Now comes the revelation that the extent of the R2.1bn write-off was simultaneously moderated by a R255.4m payment to Eskom from Optimum (following the transfer of its ownership to Tegeta), equivalent to a discount of almost 90% on Eskom’s original claim.
This amount was more than offset by the R650m advance payment by Eskom to Optimum, once it fell under Tegeta control, for coal from Optimum that Eskom had considered sub-standard; hence the R2.1bn penalty that Eskom had imposed on Optimum when it previously fell under Glencore.
Can it be that this series of arrangements, in favour of Tegeta, was consistent with the fiduciary duty of the Eskom directors in conducting themselves for the benefit of Eskom alone? The Companies Act is uncompromising.
At section 76, for example, it’s provided that a director must act:
• In good faith and for a proper purpose;
• In the best interests of the company; and
• With the degree of care, skill and diligence that may reasonably be expected of a person carrying out the same functions in relation to the company as those carried out by that director, and having the general knowledge, skill and experience of that director.
It continues at section 77 to say that any director is liable for any loss, damages or costs sustained by the company as a direct or indirect consequence of the director having agreed to the business of the company having been carried on in a prohibited manner, for example, recklessly, with gross negligence or “being party to an act or omission by the company despite knowing that the act or omission was calculated to defraud a company creditor, employee or shareholder, or had another fraudulent purpose”.
There’s additionally the severe section 162 for a court to declare a director “delinquent”. This is where the director had, for example, “intentionally, or by gross negligence, inflicted harm upon the company”. Then the court may order, for instance, that “the person concerned ... pay compensation to any person adversely affected by the person’s conduct as a director, to the extent that such a victim does not otherwise have a legal basis to claim compensation”.
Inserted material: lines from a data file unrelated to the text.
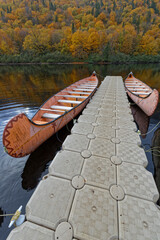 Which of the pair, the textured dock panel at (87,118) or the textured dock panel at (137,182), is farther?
the textured dock panel at (87,118)

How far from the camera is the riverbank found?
48.0 m

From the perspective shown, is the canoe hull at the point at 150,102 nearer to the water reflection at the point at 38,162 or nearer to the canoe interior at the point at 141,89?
the canoe interior at the point at 141,89

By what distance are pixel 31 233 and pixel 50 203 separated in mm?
502

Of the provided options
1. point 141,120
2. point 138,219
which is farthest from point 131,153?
point 141,120

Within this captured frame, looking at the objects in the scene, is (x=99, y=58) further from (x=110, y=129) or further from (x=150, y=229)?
(x=150, y=229)

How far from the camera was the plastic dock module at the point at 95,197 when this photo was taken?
1869 millimetres

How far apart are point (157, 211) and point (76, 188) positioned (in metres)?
1.74

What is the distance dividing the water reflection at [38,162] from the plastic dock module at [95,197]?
1.83m

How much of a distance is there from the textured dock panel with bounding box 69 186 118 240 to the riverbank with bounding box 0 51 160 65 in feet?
184

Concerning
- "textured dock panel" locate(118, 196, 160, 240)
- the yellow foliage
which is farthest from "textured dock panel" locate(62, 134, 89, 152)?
the yellow foliage

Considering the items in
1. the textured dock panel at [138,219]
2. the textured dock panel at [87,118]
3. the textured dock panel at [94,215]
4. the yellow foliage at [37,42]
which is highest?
the yellow foliage at [37,42]

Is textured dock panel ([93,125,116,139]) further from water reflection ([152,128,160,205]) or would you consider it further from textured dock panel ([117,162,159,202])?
water reflection ([152,128,160,205])

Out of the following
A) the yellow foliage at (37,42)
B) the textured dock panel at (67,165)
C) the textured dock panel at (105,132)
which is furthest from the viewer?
the yellow foliage at (37,42)

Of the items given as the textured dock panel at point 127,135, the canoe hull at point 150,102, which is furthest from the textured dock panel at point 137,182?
the canoe hull at point 150,102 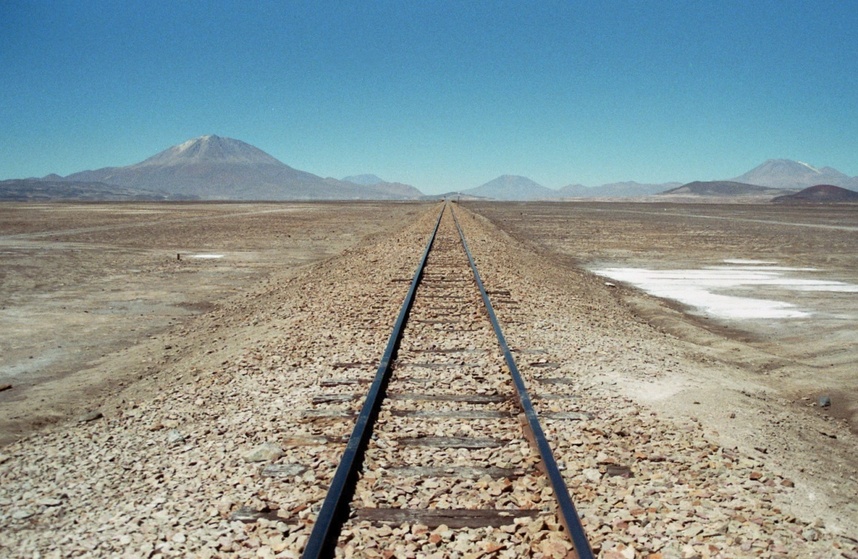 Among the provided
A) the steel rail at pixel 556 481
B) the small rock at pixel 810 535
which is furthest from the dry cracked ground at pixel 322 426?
the steel rail at pixel 556 481

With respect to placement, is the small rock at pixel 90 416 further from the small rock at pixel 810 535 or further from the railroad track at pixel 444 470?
the small rock at pixel 810 535

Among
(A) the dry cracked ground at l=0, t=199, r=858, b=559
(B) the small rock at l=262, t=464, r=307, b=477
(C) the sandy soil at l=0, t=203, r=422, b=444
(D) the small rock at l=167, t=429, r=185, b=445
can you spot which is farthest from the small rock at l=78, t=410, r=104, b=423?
(B) the small rock at l=262, t=464, r=307, b=477

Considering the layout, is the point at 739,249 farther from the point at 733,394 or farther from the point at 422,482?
the point at 422,482

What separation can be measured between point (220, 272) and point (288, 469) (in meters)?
13.7

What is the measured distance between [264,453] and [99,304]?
9.17 meters

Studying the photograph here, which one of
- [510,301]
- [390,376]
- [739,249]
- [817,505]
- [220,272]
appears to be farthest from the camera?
[739,249]

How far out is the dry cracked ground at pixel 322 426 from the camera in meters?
3.77

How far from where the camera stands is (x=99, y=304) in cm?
1247

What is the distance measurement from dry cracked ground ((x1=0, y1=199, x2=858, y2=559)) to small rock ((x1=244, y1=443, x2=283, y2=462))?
2 cm

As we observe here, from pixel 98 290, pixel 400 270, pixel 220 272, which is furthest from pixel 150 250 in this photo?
pixel 400 270

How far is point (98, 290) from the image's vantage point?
554 inches

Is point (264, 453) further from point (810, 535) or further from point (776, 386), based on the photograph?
point (776, 386)

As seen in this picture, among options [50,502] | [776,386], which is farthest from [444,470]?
[776,386]

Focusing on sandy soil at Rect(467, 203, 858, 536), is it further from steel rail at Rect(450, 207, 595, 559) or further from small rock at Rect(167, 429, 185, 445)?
small rock at Rect(167, 429, 185, 445) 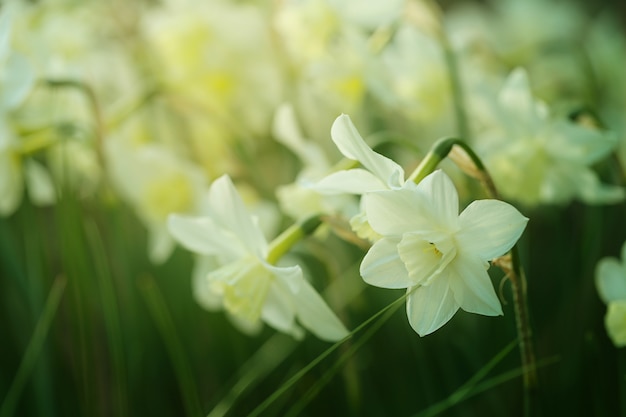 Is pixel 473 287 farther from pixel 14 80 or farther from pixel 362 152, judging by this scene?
pixel 14 80

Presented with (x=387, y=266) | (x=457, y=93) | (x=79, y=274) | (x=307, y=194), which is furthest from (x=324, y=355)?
(x=457, y=93)

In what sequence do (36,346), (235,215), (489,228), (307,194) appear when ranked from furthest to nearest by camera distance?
(36,346) < (307,194) < (235,215) < (489,228)

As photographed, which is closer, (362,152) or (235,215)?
A: (362,152)

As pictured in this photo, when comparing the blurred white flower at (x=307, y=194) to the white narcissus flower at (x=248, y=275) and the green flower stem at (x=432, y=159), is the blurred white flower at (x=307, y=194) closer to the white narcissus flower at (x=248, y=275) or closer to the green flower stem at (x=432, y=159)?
the white narcissus flower at (x=248, y=275)

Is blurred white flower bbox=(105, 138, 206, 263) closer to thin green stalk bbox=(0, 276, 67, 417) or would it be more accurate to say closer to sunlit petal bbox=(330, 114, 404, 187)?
thin green stalk bbox=(0, 276, 67, 417)

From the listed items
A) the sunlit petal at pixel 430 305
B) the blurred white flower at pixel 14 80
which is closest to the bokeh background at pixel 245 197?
the blurred white flower at pixel 14 80

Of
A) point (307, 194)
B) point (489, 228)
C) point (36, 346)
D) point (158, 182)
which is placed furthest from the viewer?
point (158, 182)

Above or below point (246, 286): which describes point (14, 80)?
above

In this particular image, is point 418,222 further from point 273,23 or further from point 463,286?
point 273,23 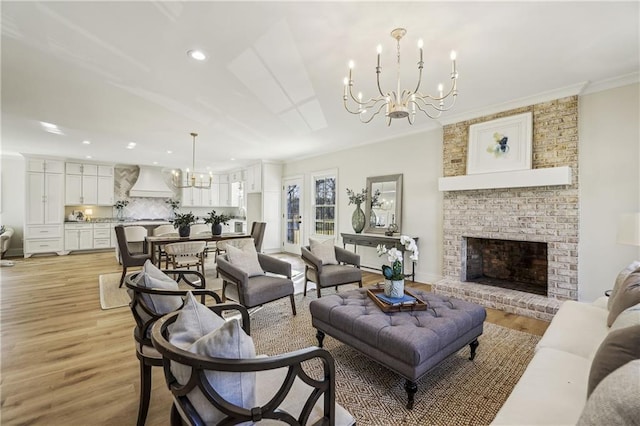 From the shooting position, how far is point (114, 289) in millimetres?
4266

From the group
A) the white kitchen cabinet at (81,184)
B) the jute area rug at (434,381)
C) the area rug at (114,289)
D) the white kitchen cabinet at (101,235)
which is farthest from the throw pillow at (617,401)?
the white kitchen cabinet at (81,184)

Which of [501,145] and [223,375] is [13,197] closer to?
[223,375]

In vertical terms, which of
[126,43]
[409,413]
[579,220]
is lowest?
[409,413]

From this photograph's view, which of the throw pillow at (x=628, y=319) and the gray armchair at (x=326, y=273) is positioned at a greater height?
the throw pillow at (x=628, y=319)

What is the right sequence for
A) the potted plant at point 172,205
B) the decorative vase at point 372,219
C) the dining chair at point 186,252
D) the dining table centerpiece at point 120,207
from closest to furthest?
the dining chair at point 186,252 → the decorative vase at point 372,219 → the dining table centerpiece at point 120,207 → the potted plant at point 172,205

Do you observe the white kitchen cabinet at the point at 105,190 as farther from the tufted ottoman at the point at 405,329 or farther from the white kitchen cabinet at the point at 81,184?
the tufted ottoman at the point at 405,329

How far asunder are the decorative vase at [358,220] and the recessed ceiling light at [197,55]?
369 cm

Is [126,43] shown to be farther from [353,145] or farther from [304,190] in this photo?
[304,190]

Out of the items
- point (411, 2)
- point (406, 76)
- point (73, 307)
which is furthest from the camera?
point (73, 307)

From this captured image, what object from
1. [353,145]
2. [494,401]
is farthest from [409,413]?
[353,145]

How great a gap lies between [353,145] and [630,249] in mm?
4274

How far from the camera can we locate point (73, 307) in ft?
11.5

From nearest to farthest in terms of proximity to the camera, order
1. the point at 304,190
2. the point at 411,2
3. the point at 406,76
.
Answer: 1. the point at 411,2
2. the point at 406,76
3. the point at 304,190

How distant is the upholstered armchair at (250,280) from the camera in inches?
112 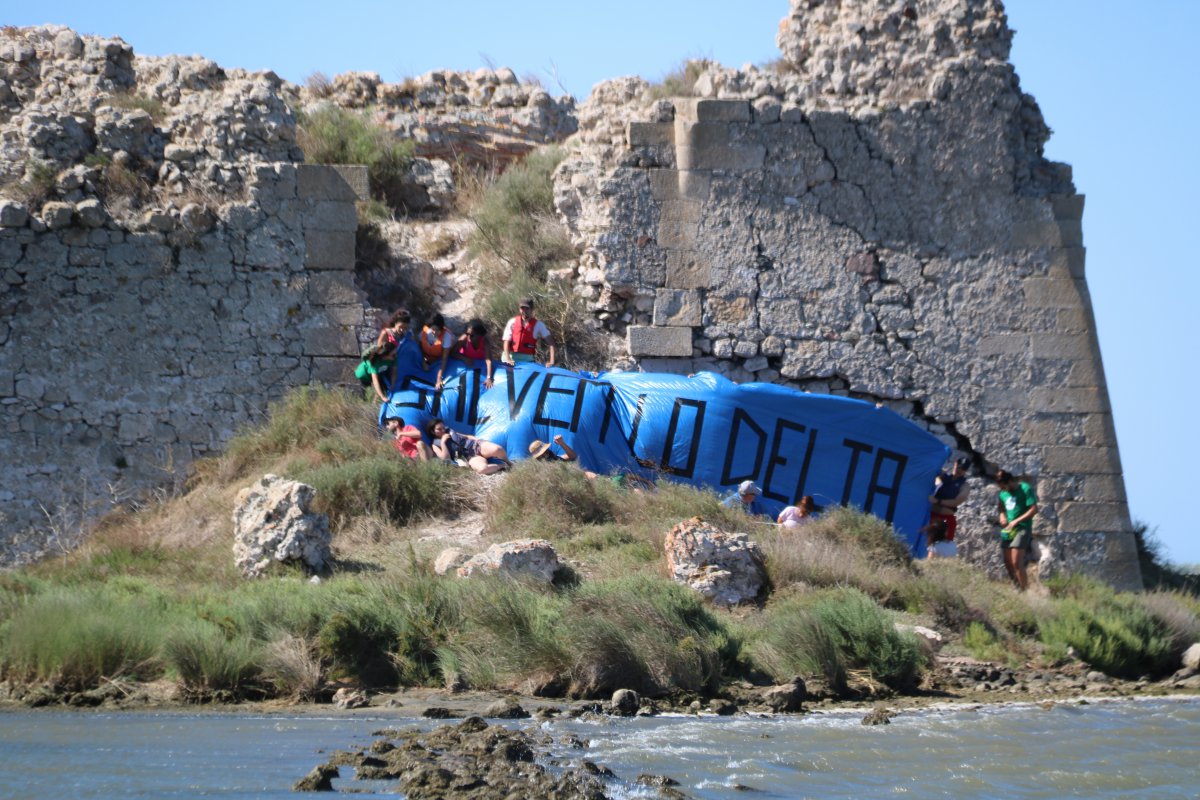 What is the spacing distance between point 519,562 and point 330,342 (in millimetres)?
3664

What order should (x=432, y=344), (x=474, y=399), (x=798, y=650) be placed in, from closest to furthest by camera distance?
(x=798, y=650), (x=474, y=399), (x=432, y=344)

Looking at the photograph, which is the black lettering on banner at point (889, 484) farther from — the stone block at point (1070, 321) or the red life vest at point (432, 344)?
the red life vest at point (432, 344)

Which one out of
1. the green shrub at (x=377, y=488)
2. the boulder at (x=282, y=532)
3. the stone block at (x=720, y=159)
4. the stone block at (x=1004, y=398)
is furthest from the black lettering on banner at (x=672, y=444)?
the boulder at (x=282, y=532)

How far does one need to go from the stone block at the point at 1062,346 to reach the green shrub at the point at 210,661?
7419 mm

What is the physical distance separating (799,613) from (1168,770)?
8.02ft

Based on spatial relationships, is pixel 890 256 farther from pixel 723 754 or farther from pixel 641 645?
pixel 723 754

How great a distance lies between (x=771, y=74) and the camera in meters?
13.6

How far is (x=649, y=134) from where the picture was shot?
13.3m

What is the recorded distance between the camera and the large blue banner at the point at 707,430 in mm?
12219

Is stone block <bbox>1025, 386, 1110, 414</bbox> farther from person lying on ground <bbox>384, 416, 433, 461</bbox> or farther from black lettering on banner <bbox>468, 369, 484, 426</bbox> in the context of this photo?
person lying on ground <bbox>384, 416, 433, 461</bbox>

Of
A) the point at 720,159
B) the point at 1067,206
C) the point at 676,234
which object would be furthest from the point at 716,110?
the point at 1067,206

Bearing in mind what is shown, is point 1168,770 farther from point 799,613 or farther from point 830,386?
point 830,386

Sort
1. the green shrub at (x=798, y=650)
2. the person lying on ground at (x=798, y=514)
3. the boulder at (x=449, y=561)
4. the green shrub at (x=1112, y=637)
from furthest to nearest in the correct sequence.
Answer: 1. the person lying on ground at (x=798, y=514)
2. the green shrub at (x=1112, y=637)
3. the boulder at (x=449, y=561)
4. the green shrub at (x=798, y=650)

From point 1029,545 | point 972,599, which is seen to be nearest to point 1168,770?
point 972,599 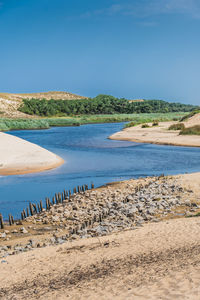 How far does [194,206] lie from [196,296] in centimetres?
985

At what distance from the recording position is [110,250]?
1142 centimetres

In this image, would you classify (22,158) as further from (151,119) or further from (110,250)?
(151,119)

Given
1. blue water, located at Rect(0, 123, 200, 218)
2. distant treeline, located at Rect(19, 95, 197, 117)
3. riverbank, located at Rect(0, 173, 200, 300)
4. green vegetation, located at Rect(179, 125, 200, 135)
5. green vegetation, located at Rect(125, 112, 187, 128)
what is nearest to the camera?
riverbank, located at Rect(0, 173, 200, 300)

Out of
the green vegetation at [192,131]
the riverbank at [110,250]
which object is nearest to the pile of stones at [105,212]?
the riverbank at [110,250]

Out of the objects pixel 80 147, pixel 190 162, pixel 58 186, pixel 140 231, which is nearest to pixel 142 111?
pixel 80 147

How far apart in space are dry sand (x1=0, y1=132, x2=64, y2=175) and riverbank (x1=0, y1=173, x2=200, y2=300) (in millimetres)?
11578

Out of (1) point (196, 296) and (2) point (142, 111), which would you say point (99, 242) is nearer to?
(1) point (196, 296)

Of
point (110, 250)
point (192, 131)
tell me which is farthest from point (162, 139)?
point (110, 250)

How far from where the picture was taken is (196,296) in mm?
7605

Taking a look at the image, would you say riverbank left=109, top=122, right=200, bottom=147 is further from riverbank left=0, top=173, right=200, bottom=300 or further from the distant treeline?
the distant treeline

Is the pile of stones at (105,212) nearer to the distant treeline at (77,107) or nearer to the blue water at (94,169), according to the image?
the blue water at (94,169)

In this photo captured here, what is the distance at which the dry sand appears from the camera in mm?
29770

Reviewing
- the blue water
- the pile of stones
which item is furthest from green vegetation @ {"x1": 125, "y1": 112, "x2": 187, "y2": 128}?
the pile of stones

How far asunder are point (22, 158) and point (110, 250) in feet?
71.9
Every person with an interest in electricity tariffs might arguably be considered a victim of the Eskom board’s conduct over the Optimum/Tegeta transaction. It’s for lawyers to match judicial interpretations with relevant facts.
The Eskom directors, at the time of the transaction, could well have plausible defences for their actions. In the process of accountability, thus far lacking, there’s a great opportunity to hear these defences from them directly. The Companies Act can only have meaning, as a constraint on directors doing as they please, to the extent that its provisions are applied.
• Greenblo is editorial director of Today’s Trustee, a quarterly magazine mainly for principal officers and trustees of retirement funds.